● **What you should do**
Print, exactly and without pictures, the lines from the one where "German - Russian" appears down to the end of the entries.

BEGIN Exercise materials

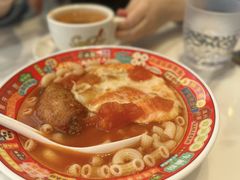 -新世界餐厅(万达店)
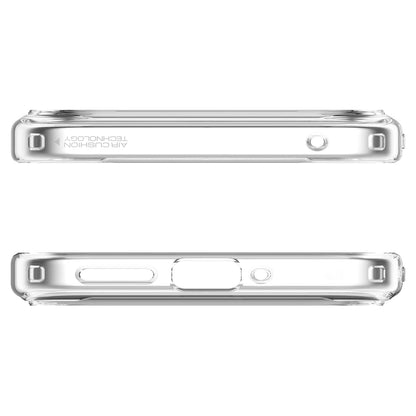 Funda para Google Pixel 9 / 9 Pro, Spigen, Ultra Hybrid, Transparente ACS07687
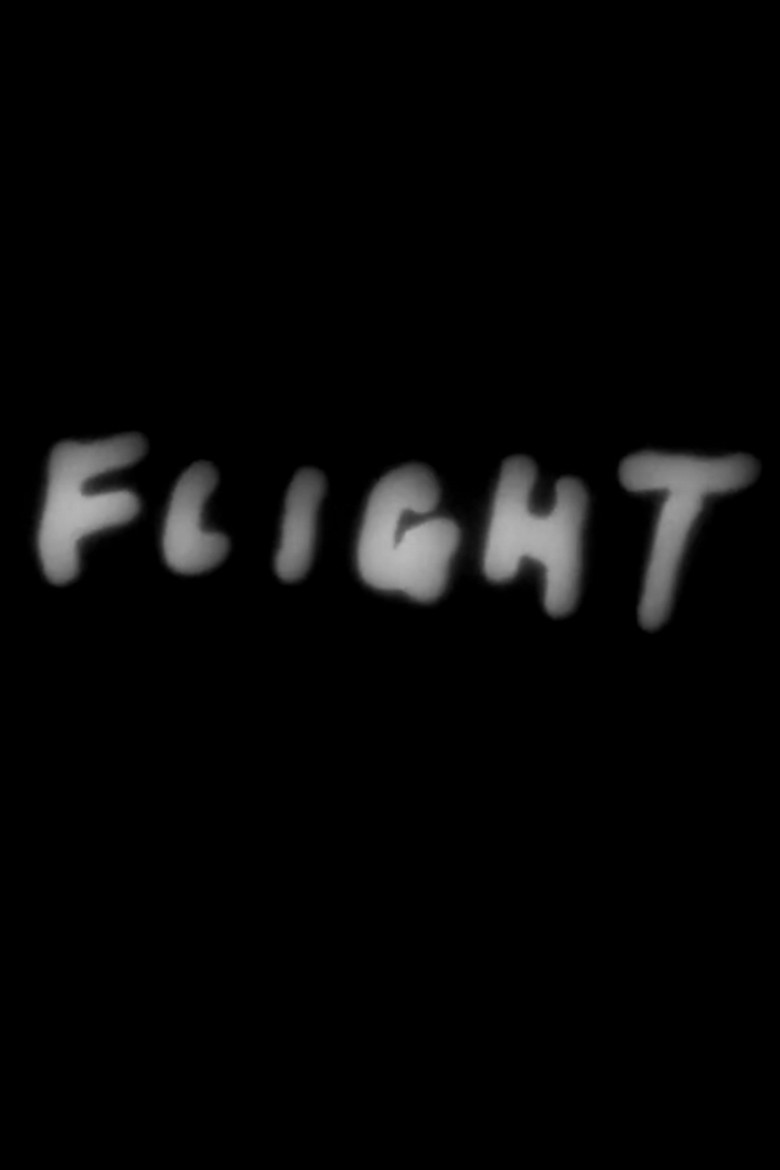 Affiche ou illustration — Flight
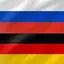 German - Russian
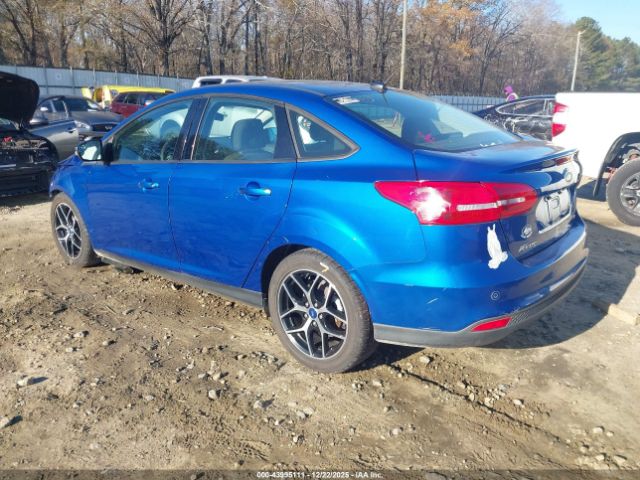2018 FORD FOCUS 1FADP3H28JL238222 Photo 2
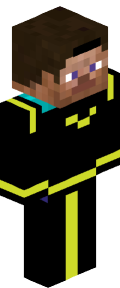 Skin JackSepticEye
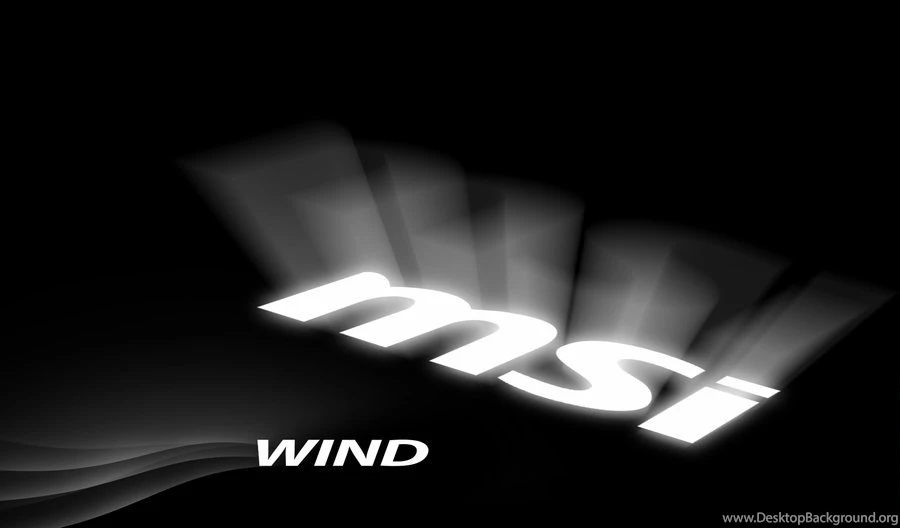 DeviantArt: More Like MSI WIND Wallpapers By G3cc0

END Exercise materials

● **Finished exercise**
 German - Russian
2018 FORD FOCUS 1FADP3H28JL238222 Photo 2
 Skin JackSepticEye
 DeviantArt: More Like MSI WIND Wallpapers By G3cc0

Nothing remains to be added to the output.